Despite appearances, I haven’t decided to stop blogging, or to blog less often.
It’s just sort of … happened.
About once a week I give myself a taking-to along the lines of ’you have been NEGLECTING the blog and it must STOP and you must POST POST POST. Starting NOW.’
But do you know what? Putting aside that fact that I ignore people who shout, even myself, I know that kind of thing won’t work. Not because I believe any of that ‘to write the mood must be right and the stars must be right’ stuff – writing is a job that you sit down and do, although some days you may be better at doing it than others – but because of the reason that a blog works.
When I speak about writing and blogging, and people ask me what the most important thing about a blog is (I think they often want me to say SEO), I say: authenticity. I say something like: web or no web, people can smell when there’s a lack of truth coming off a piece of writing, and because your blog is likely to be about your own experience, any lack of authenticity is going to turn people right off.
So if I start writing a blog because I ought to, then people will get that, and go find a blogger who’s showing up in more ways than I am showing up.

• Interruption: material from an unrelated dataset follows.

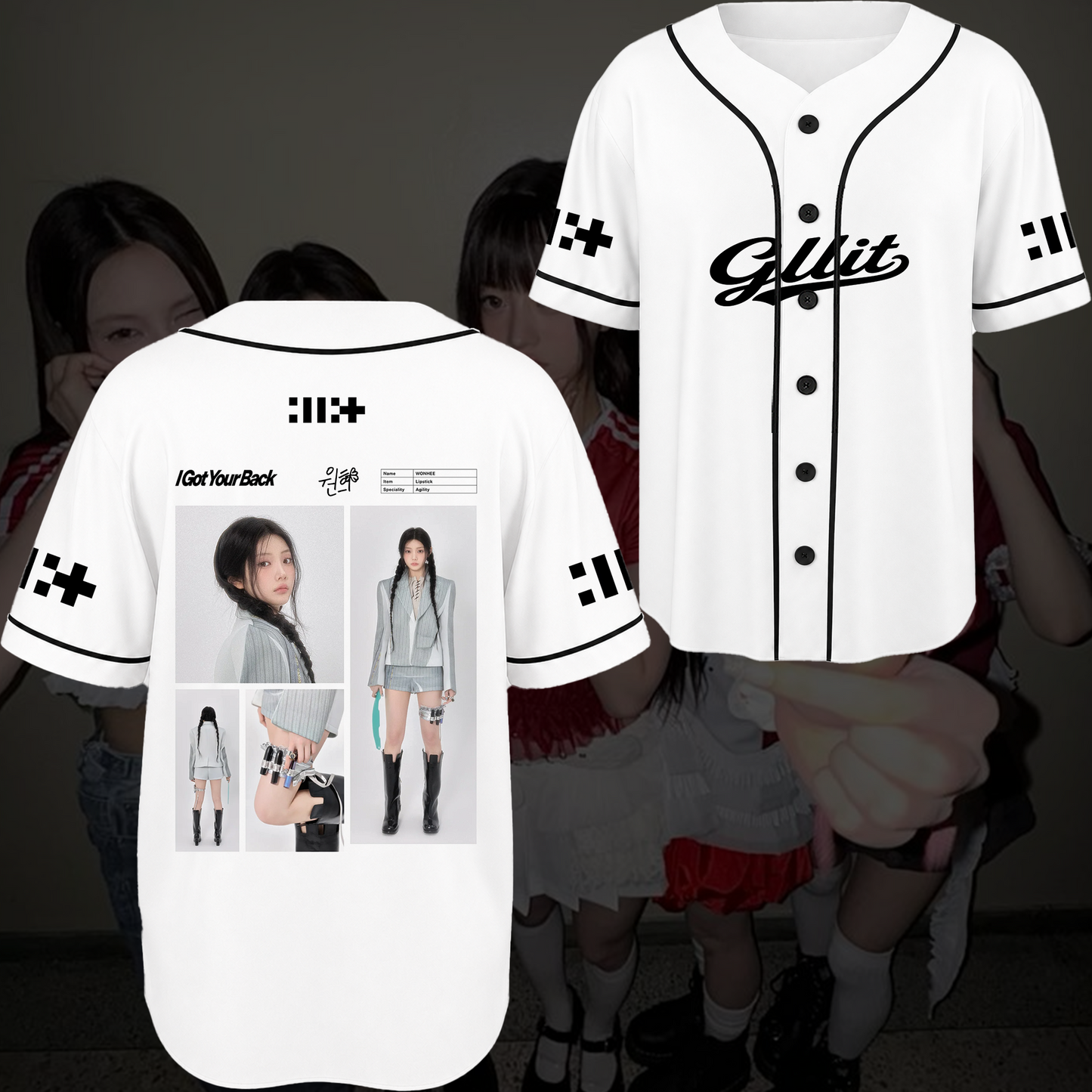 Illit I Got Your Back Baseball Jersey Signature Retro Merch Gift For Fans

And I think that’s why I’ve been blogging less.
It’s not that I don’t want to, or can’t be bothered to. It’s more that this blog came from a real, visceral need to find words for what was happening to me: five-and-a-bit years ago, when Bah! began, I couldn’t not show up here and write whenever I could. This blog began when my world shifted and shook. Now my world is different, more stable if not the same as it was, and I’m not quite sure how to blog in these post-remission days, when I am becoming more quiet and private than my dance with cancer made me, for a while.
So, I’m going to take a break, and have a think about what this website is here to do, and the best ways for the blog to go forward, or maybe the best place for the Bah! archive to live. I’ll still be around to support the bejesus out of anyone dancing with cancer. I’ll still be grateful and glad to be well. And while I mull things over I’ll still be tweeting my tea-drinking adventures. (I’ll also be finding someone to make me a shiny new website, but that’s on the back brain for now.)
So for now, Merry Christmas, and Bah! to cancer, and don’t be getting those two mixed up or Father Christmas will put you on the naughty list.
(When I stay down to write this I was planning some sort of ‘wheee, I’m busy busy busy, I’ll be writing a proper post soon’ number. Which just makes the point about authenticity, I think.